Wisconsin Assembly Republicans and Gov. Scott Walker have added their voice to a growing chorus of requests directed at the Obama Administration asking that Syrian refugees not be relocated here.

In a letter addressed to Robert Carey, director of the Office of Refugee Resettlement, Madison lawmakers cite the attacks last week in Paris and Syria’s ongoing civil war as their primary reason for asking that Wisconsin not be considered as a refugee relocation destination.

“It is not a time to open our doors to individuals who may pose a security risk or instill a unnerving sense of fear in our citizens,” the letter reads.

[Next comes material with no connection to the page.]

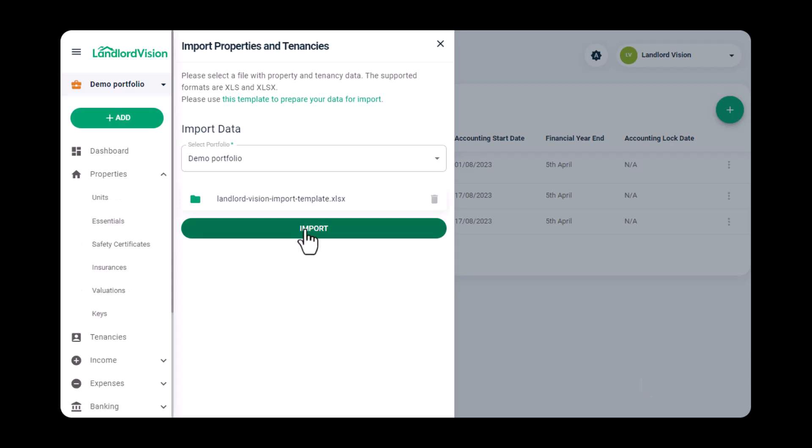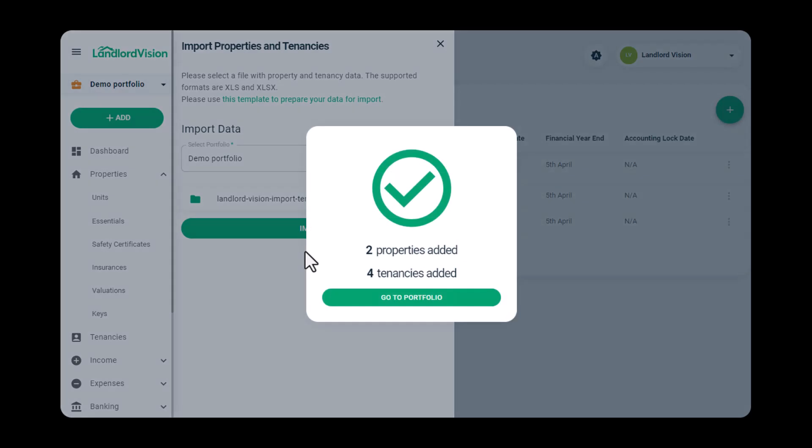Please note that there is a restriction of 100 records per import, so you will need to do this again, possibly several times, if you have over 100 tenancies.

Michigan and Alabama were the first states to say they will refuse to accept relocated Syrian refugees, according to a story from ABC News, but the State Department says states may not have a choice.

Mark Toner, spokesperson for the State Department, said a person with refugee status has “legal status in the U.S.” and the freedom to move around after they arrive on U.S. soil.

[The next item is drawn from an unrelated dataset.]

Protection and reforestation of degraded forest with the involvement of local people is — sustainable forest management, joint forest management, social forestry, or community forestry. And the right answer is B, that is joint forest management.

Walker issued a statement shortly after representatives released their letter stating unequivocally that Wisconsin will not accept Syrian refugees.

“In light of these horrific and tragic attacks, our first priority must be to protect our citizens,” his statement reads. “The State of Wisconsin will not accept new Syrian refugees.”

Govs. Robert Bentley of Alabama, Greg Abbott of Texas, and Asa Hutchinson of Arkansas have issued statements saying their states will also not accept any additional refugees or any at all if individuals have not yet been rehomed in their state, the ABC story continues.

Republican members of the state Assembly are clear about not wanting Syrian refugees here despite Wisconsin’s history of helping those in need.

The letter comes on the heels of news that one of the terrorists responsible for the Paris attacks may have gotten into Europe by posing as a Syrian refugee.

“Wisconsin is a generous state with residents who are willing to assist others in times of need,” the letter continues. “With no guarantee that no refugee does not have an association with radical Islamic terrorists, as a country and a state, we cannot take any chances.”

Walker also made reference to that situation.

“I have deep concerns about the Obama Administration’s plan to accept 10,000 or more Syrian refugees, especially given that one of the Paris attackers was reportedly a Syrian refugee,” the governor’s statement continues. “With this in mind, I am calling upon the President to immediately suspend the program pending a full review of its security and acceptance procedures.”